Task requirements: Look through the data below for the line with "vidaXL Предупредителна верига, червено" and the line with "Mandabloom Acne Patches", then output those two and all lines in between, exactly as written.

Extracted information:
----

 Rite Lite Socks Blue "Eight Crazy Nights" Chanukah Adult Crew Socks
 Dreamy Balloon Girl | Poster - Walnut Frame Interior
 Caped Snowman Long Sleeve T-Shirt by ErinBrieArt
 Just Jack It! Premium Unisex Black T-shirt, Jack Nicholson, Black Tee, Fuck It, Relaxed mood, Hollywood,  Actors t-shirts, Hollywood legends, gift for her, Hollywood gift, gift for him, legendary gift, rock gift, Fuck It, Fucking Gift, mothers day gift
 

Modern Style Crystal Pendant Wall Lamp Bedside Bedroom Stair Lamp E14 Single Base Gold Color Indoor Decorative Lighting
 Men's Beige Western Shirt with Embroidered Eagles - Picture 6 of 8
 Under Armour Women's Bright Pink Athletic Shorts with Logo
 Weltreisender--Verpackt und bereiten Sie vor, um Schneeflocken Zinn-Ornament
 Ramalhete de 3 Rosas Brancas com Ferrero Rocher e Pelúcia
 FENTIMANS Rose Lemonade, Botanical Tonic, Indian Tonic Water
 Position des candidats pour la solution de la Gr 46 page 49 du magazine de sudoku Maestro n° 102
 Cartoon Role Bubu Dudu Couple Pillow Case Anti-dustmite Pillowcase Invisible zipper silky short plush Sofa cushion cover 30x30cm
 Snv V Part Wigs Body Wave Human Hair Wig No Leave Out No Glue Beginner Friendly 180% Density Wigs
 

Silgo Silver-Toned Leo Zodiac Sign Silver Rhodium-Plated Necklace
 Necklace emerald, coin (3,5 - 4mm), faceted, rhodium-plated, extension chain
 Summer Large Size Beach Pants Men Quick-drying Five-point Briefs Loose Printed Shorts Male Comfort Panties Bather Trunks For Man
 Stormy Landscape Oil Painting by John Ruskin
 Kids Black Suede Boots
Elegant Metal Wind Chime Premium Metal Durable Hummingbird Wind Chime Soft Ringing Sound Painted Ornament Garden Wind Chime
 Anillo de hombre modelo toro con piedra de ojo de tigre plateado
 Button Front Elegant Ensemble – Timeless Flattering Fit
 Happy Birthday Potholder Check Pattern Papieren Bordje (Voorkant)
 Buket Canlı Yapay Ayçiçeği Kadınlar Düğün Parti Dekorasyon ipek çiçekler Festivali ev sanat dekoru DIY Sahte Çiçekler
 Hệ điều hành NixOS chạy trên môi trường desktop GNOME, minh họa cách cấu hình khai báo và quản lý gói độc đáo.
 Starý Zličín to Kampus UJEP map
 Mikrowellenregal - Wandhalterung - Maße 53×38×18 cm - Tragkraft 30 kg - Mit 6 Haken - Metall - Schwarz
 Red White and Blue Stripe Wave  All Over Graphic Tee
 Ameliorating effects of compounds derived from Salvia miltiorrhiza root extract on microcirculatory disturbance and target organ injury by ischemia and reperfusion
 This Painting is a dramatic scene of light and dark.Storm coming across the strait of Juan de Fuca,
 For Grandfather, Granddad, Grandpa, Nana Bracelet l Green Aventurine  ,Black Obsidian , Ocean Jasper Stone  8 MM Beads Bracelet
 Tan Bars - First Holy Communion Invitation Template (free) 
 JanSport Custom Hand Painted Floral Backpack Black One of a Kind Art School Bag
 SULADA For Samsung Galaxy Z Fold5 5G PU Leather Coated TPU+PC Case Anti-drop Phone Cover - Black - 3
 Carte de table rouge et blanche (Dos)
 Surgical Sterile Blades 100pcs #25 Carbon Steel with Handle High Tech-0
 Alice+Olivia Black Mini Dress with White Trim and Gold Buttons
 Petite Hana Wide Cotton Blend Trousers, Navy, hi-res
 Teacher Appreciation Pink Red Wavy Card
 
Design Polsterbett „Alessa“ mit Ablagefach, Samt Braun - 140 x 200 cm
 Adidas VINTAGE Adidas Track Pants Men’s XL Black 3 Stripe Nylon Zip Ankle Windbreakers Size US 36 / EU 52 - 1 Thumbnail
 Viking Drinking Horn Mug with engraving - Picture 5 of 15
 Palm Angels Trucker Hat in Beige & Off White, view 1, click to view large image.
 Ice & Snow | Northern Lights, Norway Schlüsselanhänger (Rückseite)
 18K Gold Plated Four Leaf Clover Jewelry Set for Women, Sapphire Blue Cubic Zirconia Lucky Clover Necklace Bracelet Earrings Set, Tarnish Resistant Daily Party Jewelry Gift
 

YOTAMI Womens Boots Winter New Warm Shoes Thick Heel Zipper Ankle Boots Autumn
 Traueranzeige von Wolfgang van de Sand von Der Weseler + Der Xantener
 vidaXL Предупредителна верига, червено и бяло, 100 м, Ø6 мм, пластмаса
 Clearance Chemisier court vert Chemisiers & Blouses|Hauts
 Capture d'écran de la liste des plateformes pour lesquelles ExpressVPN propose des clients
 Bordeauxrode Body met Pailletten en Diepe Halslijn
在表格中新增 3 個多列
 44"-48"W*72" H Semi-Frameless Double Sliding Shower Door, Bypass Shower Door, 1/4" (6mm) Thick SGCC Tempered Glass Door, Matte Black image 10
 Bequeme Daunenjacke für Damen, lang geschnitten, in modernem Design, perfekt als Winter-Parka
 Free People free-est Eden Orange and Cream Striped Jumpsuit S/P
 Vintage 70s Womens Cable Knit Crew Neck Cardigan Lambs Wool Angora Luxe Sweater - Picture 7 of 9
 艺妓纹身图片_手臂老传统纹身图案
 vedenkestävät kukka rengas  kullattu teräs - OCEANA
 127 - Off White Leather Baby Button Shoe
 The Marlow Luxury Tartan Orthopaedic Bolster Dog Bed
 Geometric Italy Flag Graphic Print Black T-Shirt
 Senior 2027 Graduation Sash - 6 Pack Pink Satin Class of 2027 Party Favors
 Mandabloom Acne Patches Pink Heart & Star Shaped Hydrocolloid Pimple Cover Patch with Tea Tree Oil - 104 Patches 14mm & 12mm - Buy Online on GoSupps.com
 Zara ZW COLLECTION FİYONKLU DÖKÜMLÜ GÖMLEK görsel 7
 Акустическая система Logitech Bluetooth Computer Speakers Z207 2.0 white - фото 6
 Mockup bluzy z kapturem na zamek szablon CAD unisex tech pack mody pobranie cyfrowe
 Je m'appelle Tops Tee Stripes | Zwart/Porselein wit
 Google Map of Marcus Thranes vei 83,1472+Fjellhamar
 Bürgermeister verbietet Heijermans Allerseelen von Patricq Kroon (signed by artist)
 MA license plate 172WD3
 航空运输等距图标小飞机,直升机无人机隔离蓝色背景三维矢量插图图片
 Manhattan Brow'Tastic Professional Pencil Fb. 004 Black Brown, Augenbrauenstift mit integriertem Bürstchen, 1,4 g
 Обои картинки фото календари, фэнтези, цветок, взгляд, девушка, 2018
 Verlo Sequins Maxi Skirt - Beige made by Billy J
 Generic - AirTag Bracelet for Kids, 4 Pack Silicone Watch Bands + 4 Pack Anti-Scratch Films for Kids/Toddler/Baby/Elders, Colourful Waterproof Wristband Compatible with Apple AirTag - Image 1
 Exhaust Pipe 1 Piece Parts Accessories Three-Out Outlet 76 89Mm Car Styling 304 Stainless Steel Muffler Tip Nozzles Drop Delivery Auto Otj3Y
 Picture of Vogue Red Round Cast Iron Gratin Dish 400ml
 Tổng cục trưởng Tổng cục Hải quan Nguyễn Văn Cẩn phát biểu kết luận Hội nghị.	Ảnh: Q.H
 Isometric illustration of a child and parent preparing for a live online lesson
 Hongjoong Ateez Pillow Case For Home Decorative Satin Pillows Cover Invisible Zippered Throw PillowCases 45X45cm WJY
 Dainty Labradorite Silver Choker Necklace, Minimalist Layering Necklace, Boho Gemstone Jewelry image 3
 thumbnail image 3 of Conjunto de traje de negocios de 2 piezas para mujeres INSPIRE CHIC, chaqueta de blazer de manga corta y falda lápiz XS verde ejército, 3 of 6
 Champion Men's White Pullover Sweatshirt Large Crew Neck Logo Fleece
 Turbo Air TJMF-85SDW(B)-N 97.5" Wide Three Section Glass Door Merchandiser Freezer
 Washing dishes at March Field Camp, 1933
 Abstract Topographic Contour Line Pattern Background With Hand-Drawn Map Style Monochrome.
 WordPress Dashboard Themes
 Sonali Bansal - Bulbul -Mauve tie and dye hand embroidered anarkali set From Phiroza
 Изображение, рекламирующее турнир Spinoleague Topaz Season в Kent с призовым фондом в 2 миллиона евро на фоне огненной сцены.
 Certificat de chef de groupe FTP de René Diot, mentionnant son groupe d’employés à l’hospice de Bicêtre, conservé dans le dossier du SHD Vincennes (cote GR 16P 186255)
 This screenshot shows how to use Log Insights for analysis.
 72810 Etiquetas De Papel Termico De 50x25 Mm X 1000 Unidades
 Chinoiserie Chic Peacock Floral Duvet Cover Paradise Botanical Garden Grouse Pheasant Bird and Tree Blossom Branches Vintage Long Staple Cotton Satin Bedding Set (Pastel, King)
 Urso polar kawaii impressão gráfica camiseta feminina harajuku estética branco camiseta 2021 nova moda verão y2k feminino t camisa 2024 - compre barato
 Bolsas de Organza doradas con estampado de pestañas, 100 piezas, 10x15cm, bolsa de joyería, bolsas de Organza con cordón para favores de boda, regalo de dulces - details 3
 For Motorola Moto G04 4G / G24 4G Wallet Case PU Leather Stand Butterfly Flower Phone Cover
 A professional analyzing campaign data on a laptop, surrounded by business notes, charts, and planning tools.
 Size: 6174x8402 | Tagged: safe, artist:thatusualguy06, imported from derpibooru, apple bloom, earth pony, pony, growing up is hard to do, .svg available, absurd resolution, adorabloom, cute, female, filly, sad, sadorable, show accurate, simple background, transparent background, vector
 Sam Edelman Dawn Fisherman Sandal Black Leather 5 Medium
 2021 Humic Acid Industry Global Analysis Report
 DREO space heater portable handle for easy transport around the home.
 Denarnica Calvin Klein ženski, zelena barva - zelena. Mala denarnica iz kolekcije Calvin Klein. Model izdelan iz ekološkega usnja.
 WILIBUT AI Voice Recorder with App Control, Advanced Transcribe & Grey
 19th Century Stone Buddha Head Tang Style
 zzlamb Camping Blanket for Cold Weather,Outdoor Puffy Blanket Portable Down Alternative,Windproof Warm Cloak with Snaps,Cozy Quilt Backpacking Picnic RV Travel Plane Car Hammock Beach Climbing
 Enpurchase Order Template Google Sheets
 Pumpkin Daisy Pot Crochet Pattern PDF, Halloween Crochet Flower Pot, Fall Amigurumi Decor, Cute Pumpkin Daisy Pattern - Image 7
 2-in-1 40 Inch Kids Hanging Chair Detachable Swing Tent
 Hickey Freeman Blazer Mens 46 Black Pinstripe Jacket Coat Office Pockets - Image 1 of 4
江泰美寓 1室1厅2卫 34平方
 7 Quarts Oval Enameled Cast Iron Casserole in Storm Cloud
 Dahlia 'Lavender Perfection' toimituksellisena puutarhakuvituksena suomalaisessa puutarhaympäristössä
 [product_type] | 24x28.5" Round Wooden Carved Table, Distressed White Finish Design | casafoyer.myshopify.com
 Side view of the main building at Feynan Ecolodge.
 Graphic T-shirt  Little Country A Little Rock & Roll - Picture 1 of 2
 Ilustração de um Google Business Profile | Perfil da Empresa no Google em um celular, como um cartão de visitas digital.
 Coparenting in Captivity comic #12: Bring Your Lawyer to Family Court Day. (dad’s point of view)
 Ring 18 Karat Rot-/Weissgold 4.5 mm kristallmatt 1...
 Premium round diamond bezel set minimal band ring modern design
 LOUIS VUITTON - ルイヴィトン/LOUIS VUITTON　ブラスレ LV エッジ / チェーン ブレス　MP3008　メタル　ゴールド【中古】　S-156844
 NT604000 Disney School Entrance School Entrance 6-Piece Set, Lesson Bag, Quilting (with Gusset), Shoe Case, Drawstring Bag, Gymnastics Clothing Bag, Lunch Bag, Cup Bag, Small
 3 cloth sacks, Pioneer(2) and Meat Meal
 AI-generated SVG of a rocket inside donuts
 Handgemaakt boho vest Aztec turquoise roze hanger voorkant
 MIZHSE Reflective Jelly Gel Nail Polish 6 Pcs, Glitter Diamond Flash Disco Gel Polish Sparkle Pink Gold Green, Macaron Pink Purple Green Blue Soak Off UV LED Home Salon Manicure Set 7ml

----

Expected answer:
 vidaXL Предупредителна верига, червено и бяло, 100 м, Ø6 мм, пластмаса
 Clearance Chemisier court vert Chemisiers & Blouses|Hauts
 Capture d'écran de la liste des plateformes pour lesquelles ExpressVPN propose des clients
 Bordeauxrode Body met Pailletten en Diepe Halslijn
在表格中新增 3 個多列
 44"-48"W*72" H Semi-Frameless Double Sliding Shower Door, Bypass Shower Door, 1/4" (6mm) Thick SGCC Tempered Glass Door, Matte Black image 10
 Bequeme Daunenjacke für Damen, lang geschnitten, in modernem Design, perfekt als Winter-Parka
 Free People free-est Eden Orange and Cream Striped Jumpsuit S/P
 Vintage 70s Womens Cable Knit Crew Neck Cardigan Lambs Wool Angora Luxe Sweater - Picture 7 of 9
 艺妓纹身图片_手臂老传统纹身图案
 vedenkestävät kukka rengas  kullattu teräs - OCEANA
 127 - Off White Leather Baby Button Shoe
 The Marlow Luxury Tartan Orthopaedic Bolster Dog Bed
 Geometric Italy Flag Graphic Print Black T-Shirt
 Senior 2027 Graduation Sash - 6 Pack Pink Satin Class of 2027 Party Favors
 Mandabloom Acne Patches Pink Heart & Star Shaped Hydrocolloid Pimple Cover Patch with Tea Tree Oil - 104 Patches 14mm & 12mm - Buy Online on GoSupps.com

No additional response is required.